Jefferson, Part 2


Thomas Jefferson loved architecture, which he considered one of the most important arts.  Nothing gave him more pleasure, he stated, than “putting up and pulling down”—something that he did several times on parts of Monticello.  Although a variety of sources went into the creation of his structures, the president’s “Bible” of design was The Four Books of Architecture by the sixteenth century Italian, Andrea Palladio.  Jefferson believed that developing an American style of architecture, based on but separate from European designs, was an important element of the national cause.  Besides his home outside Charlottesville, Jefferson helped create three other important structures in Virginia.

The cubic architecture of the Virginia State Capitol in Richmond was chosen to resemble an ancient Roman temple.  The only structure of this kind that Jefferson had seen first-hand was the Maison Carrée in the south of France.  However, Jefferson’s design of the state house substituted Ionic scrolls for the more ornate Corinthian columns found at the temple in Nîmes.  The commanding and impressive building is not without tragedy.  When hundreds crowded into the upstairs gallery during Reconstruction following the Civil War in 1870, the balcony gave way causing the death of sixty-one people and injury to scores of others.  Despite calls for its demolition, the building was restored and eventually expanded.  It is still in use today.

During our visit to the state in early January, we were able to see another Jeffersonian design: The University of Virginia.  The president’s retirement project was to develop an “academical village” where professors and students would live and work in close proximity.  Called “the proudest achievement of American architecture in the past 200 years” by the American Institute of Architects, UVA’s focal point is the beautiful Rotunda.  Located at the north end of “the Lawn,” the structure was modeled after the ancient Pantheon in Rome, which Jefferson had read about in sources like Palladio and others.  After a devastating fire in 1895, the architectural firm of McKim, Mead, and White (of Boston Public Library fame) made significant changes to the building’s original design.  But in 1973, a three-year project was begun to restore the Rotunda to the way Jefferson intended.  Initially designed as the campus library, the Rotunda now serves as a place for lectures, meetings, symposia, dinners, and tours.  Unfortunately the day we were there, January 2nd, the building was closed for the federal holiday.  Down the hill to the east and west of the Rotunda, stretch the faculty Pavilions and some student rooms, making for a striking central campus.

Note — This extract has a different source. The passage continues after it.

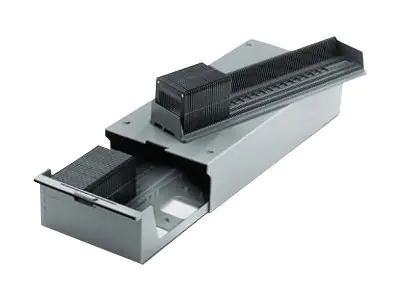 Reflecta Slide Magazine 2 x 100 - Diahalter für Projektor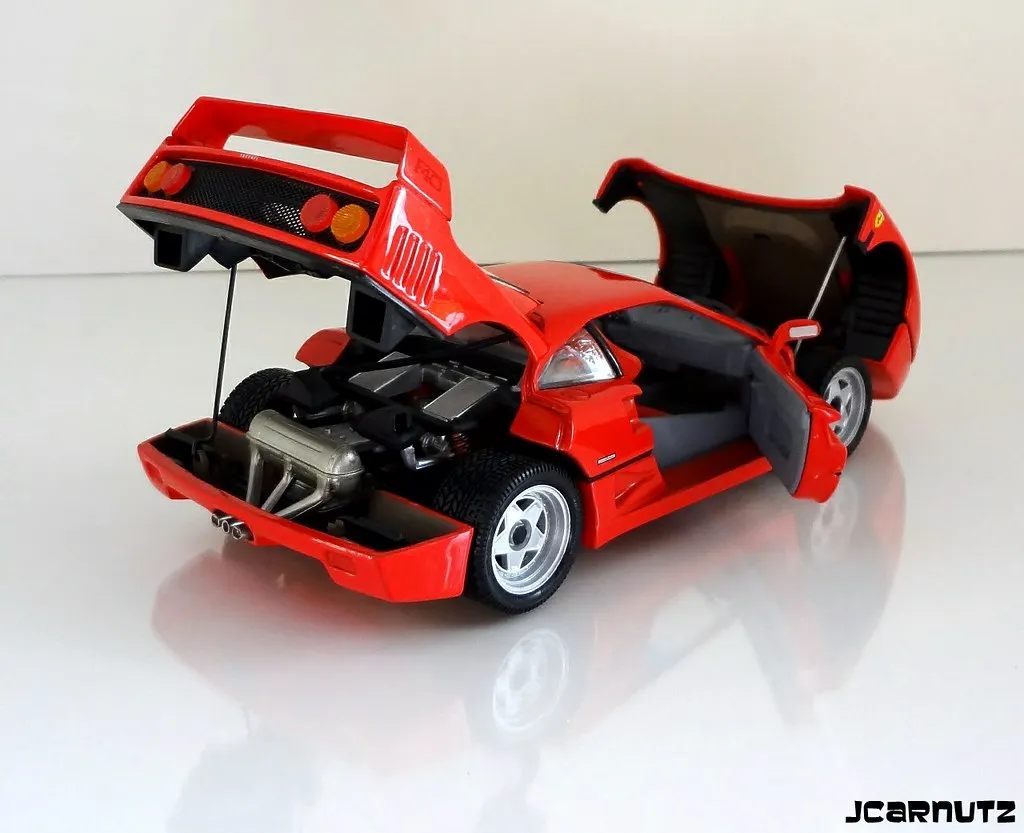 53020 ferri diecast manufacturing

While on our guided tour of Monticello, we learned that the building served as Jefferson’s public residence.  His private retreat—to escape the hordes of visitors—was Poplar Forest, located near Lynchburg.  Designed and built during the last twenty years of his life, this plantation house allowed Jefferson to experience “the solitude of a hermit.”  Once again built in accordance with Palladian principles, the Italian-style villa has a central cube room with porticos on the north and south.  Since 1986, Poplar Forest has been undergoing restoration.  Like Monticello, it is open to the public for tours and I would love to see it someday.